# touchpad external hard drive or camera



## timmyk12 (Mar 10, 2012)

Hey i've been doing some reasearch, and i'd love to take my external HD and touchpad on deployment with me, and I just had a question or two.

I've seen all the threads and done all the research about people using usb devices with the touchpad, but i've never seen a for sure yes or no. So I am just wondering if you guys could give me that. (a yes or no that is)

using:
micro USB to female usb (USB OTG) adapter
the usb Y cable
the externally powered usb hub

would it be possible to connect to a 2TB external HD (it has an external power source so i'd plug it into the wall, and the hub) and transfer movies/files around?

Another question, is would this USB option enable a USB webcam to work?

If somebody had any definate answerd i'd be really grateful. i'm sorry for my lack of knowledge, this whole customization of tablets, phones etc is new to me.

Thanks,
-Timmyk12


----------



## bryantjopplin (Oct 4, 2011)

Yes theoretically its will I have never used a 2 tb hdd before so I can't say yes. But 8gb thumb drives work well. You using stock touch pad or Android flavored?

Tapped from my fingers on my Nexus


----------



## timmyk12 (Mar 10, 2012)

Dual booting CM9 A2 and WebOS actually.

So I appreciate the info on the hd, I'm gonna take the plunge and get the stuff today to test it out.
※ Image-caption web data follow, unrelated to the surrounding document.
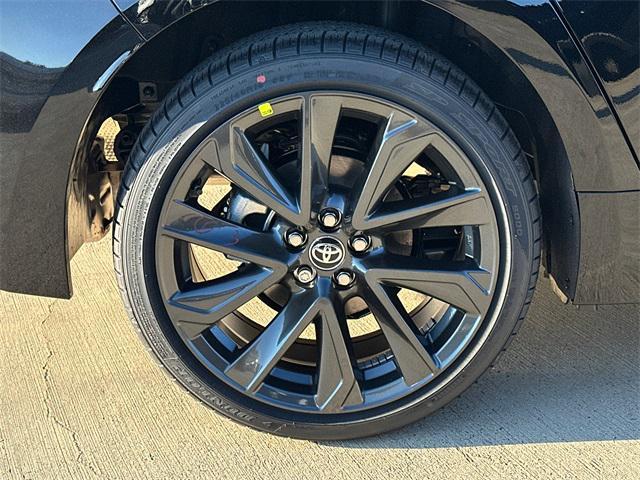 new 2026 Toyota Corolla car, priced at $25,301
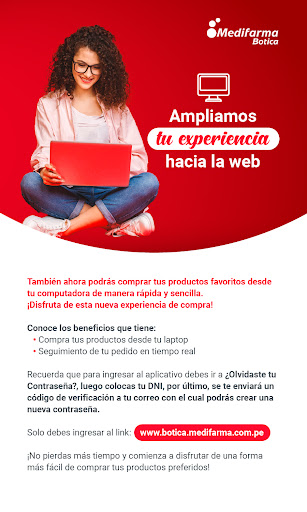 Botica Medifarma Screen 3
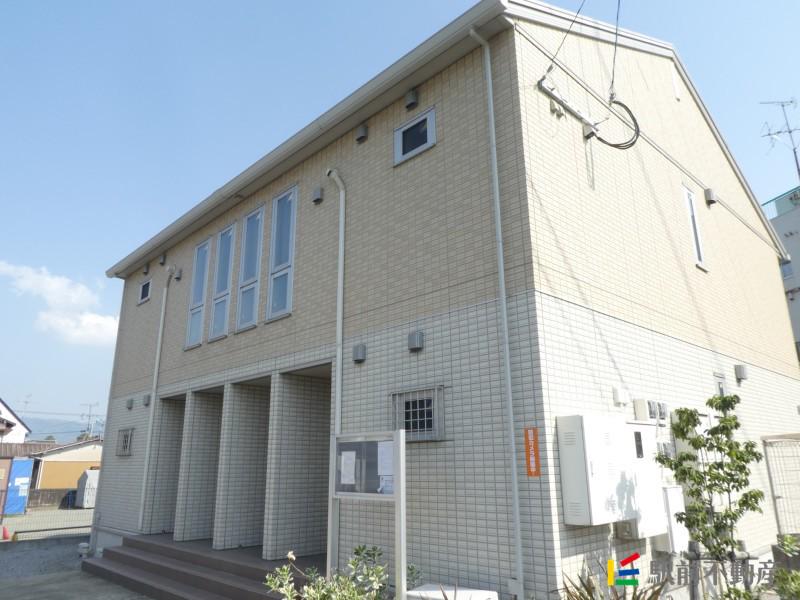コンフォーティア駅東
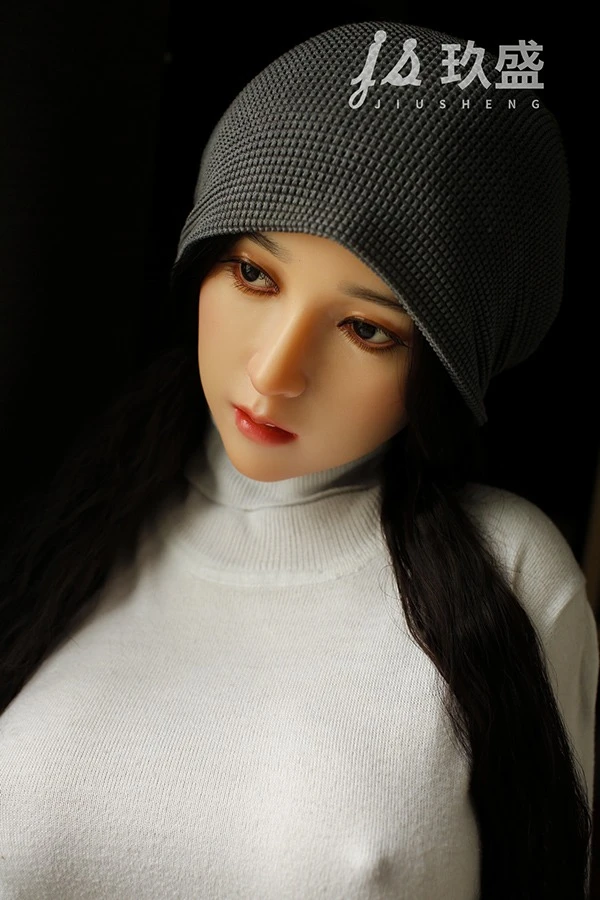 Pretty Innocent Big Booty Brunette Sex Doll Loretta 150cm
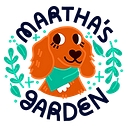 Martha's Garden logo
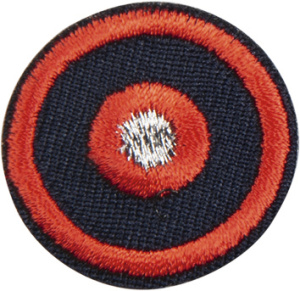 Термоаппликация "Круг ". Арт 39065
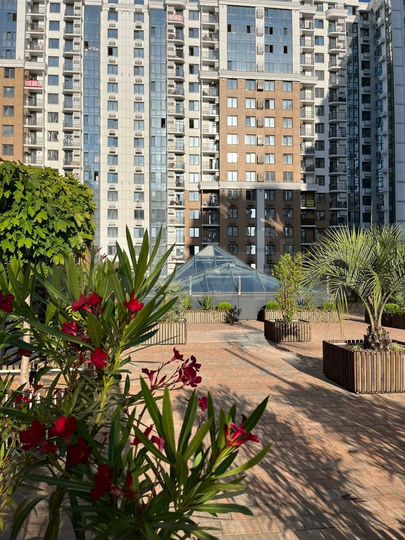 1-к. квартира, 38 м², 5/18 эт.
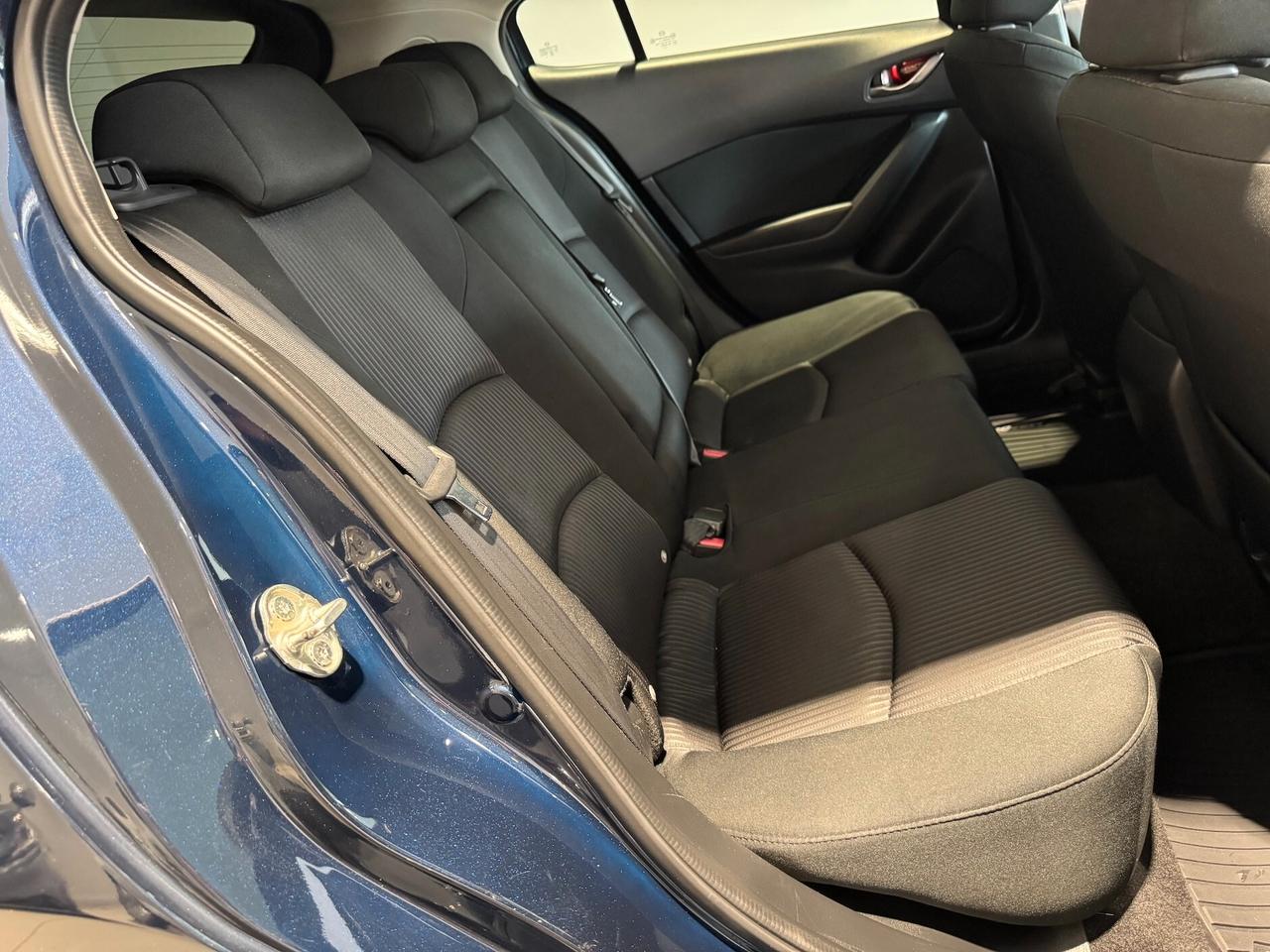 Mazda 3 Mazda3 2.2 Skyactiv-D Exceed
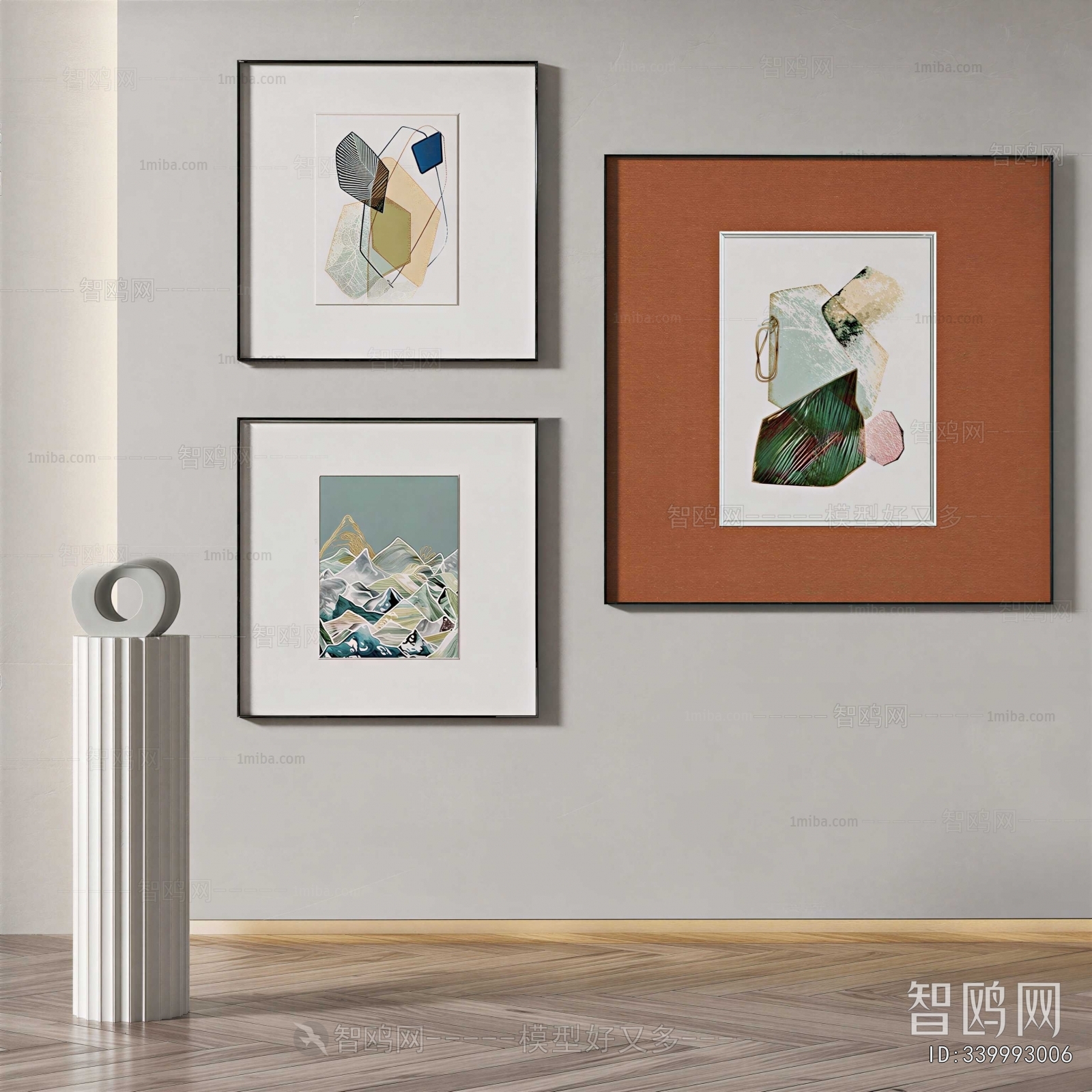 Nordic Style Painting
Any idea on the USB webcam?


----------



## bryantjopplin (Oct 4, 2011)

I'm going to say no. Those drivers are most likely not generic like the ones of a fat32 of ntfs drive

Tapped from my fingers on my Nexus


----------



## thesparky007 (Sep 29, 2011)

i remember seeing someone saying that it was possible if the hdd or whatever peripheral is powered on its own


----------



## bryantjopplin (Oct 4, 2011)

Well like and hardware connected to software it needs drivers and sometimes it needs specific drivers. Like hdd they are all basically the same as how they are read. Webcam isn't so generic ie why they can't get it properly working on cm9

Tapped from my fingers on my Nexus


----------



## timmyk12 (Mar 10, 2012)

ah, that makes sense. I appreicate the input! It was just a thought. At least he hard drive should work, i'm trying to find the stuff to get it to work, and have it shipped to my house super quick.

Does the Y cable have to have 1 end male and the other end female? or do they both have to be male?

Thanks,
-Tim


----------